Kurumsal hafıza yok sayılmadan, ortak sorunlar etrafında birlikte çalışma kültürünün geliştirilmesi 2024 yılının olmazsa olmazları arasında olmalıdır.
Eylü ayında, İstanbul’da yapılan Dünya Türk İş Konseyi esnasında yapılan seçimlerde DTIK Hollanda Temsilcisi ve DTIK Avrupa Temsilciler Kurulu Başkanı seçilen Turgut Torunoğulları’yla, girişimciler ve sivil toplum alanında yeni bir hareketlilik başladı.
Hollanda’dan başlayan bu hareketlilik tüm Avrupa ülkelerine yayılacak gibi görünüyor. “Gönül alıp fethetti dünyayı senin atan…” desturunca, Avrupa’da gönüller fethetmeye devam edilmeli.
Tekrar, DTİK Hollanda Buluşması’nın başta DTIK Hollanda ve Avrupa üyelerine, Türk iş dünyasına, toplumumuza ve çok yönlü Türkiye-Hollanda ilişkilerine hayırlı olmasını dilerim.

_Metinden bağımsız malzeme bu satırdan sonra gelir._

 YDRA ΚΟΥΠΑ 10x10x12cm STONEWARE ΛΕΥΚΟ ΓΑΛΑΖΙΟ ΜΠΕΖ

Buluşmada sergilenen kucaklayıcı ruhun, Hollanda’ya Türk işgücü göçünün 60’ıncı yılı etkinliklerinin yapılacağı 2024 yılında da devam etmesini temenni ederim.

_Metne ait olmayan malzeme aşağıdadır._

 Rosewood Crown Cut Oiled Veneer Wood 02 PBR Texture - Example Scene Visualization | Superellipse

BAKAN BOLAT’IN HOLLANDA’DAKİ ÇALIŞMALARI
Ticaret Bakanı Ömer Bolat, Bolat, Hollanda’ya yaptığı iki günlük ziyaret kapsamında, Hollanda Ekonomi İşleri ve İklim Politikaları Bakanı Micky Adriaansens ve Hollanda Dış Ticaret ve Kalkınma İşbirliği Bakanı Liesje Schreinemacher ile görüştü.

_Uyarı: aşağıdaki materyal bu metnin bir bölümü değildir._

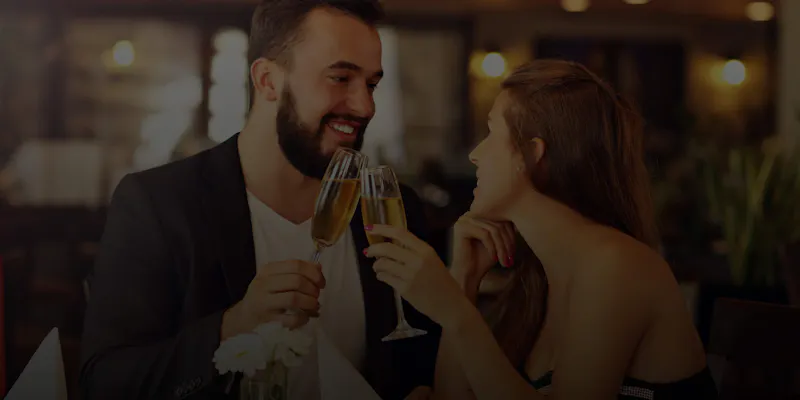 couple smiling in NYC date spot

Türkiye Hollanda Ekonomi ve Ticaret Komisyonu 4. Dönem Toplantısı’nı gerçekleştirmek üzere, Hollanda Dış Ticaret ve Kalkınma İşbirliği Bakanı Liesje Schreinemacher’in daveti üzerine, Hollanda’ya resmi bir çalışma ziyareti gerçekleştiren Ticaret Bakanımız Ömer Bolat, Hollanda’ya ayak basışının akabinde, ilk iş olarak, Dış Ekonomik İlişkiler Kurulu (DEİK) ve Hollanda Sanayi ve İşveren Konfederasyonu (VNO-NCW) organizasyonunda ve VNO-NCW ev sahipliğinde gerçekleştirilen Türkiye-Hollanda İş İnsanları Yuvarlak Masa Toplantısına katıldı.

Yuvarlak Masa Toplantısı, iki ülke arasında ekonomik ve ticari işbirliğinin geliştirilmesi bakımından, başta ticaret, finans, yatırım, turizm gibi alanlar olmak üzere pek çok konuda karşılıklı görüş alışverişine imkân sağladı.
Bakanımız, programlarının ikinci gününde, Türkiye Hollanda Ekonomi ve Ticaret Komisyonu 4. Dönem Toplantısı’na katıldı.
Toplantıda iki ülke arasında ekonomik ve ticari ilişkiler geniş bir perspektif ile ele alındı. Mevcut işbirliklerinin derinleştirilmesi ve yeni alanlarda geliştirilebilmesine yönelik temaslarda bulunuldu.
Bu çerçevede, Türkiye Hollanda Ekonomi ve Ticaret Komisyonu 4. Dönem Protokolü, Bakan Bolat ve Hollandalı mevkidaşı arasında imza edildi.

Ticaret Bakanı Ömer Bolat, Türkiye ile Hollanda arasında imzalanan Ortak Ekonomik ve Ticaret Komitesi Protokolü’ne ilişkin, “Ülkelerimizin sahip olduğu potansiyeli daha güçlü şekilde hayata geçirerek karşılıklı yeni ticaret ve yatırım fırsatları oluşturacağız” dedi.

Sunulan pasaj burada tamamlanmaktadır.